The cost is $75 and participants are requested to register by Nov. 30 in order to receive the Zoom link in time for the start of the meetings. Class size is limited to 75 people to allow for roundtable discussion at the end of each day.“We hope people will take advantage of this opportunity to virtually spend two-days with experts from around the world, discussing better ways to understand rodent ecology and integrated pest management,” Hurley said.
There will be a certificate of academy completion available and continuing education units available if participants fulfill the necessary criteria. Participants will learn about rodent disease, monitoring, trapping, urban rodent surveys and more. “Our speakers are well known in the field of urban rodentology,” Hurley said. “Dr. Niamh Quinn moved from Ireland to study wildlife including rodents in southern California. Some of her research covers the tracking of bobcats and coyotes, which she will also share on the second half of her presentation.” Timmy Madere, City of New Orleans Mosquito, Termite, Rodent Control Board, spent his time during the first months of the COVID-19 lockdown searching for rats in the French Quarter.“Madere and Dr. Claudia Riegel, director of the City of New Orleans Mosquito, Termite, Rodent Control Board, used the time during the initial stages of lockdown watching the rats in the area change behavior, and they will share their experiences over the course of the two-day class,” said Hurley.

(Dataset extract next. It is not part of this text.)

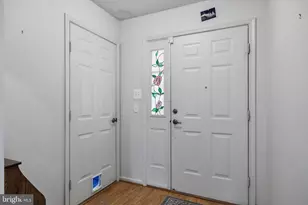 404 Aster Pl, Mount Laurel, NJ 08054 - Photo 4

The use of rodenticides is part of the overall management of rodents, and the program will have a discussion on the changes implemented in California as well as a project in South Carolina, which details how they controlled rodents on an island.“Sylvia Kenmuir has worked in the pest control industry in California and has gone from being on the front lines of murine typhus outbreaks to watching a law implemented to reduce the use of rodenticides in a large state,” she said. Kenmuir is an industrial entomologist and chair of the West Coast Rodent Academy. Hurley also said use of remote-sensing technology for rodents is growing, as new products come out every year. The course will focus on some of these products and discuss how participants can utilize them in the workplace. “Due to COVID-19, IPM and rodent control professionals are facing more and different challenges than ever before,” Hurley said. “If it is because buildings are empty or in use and neighboring buildings are empty, now is the time to learn and understand as much as you can about rodent behavior and removal.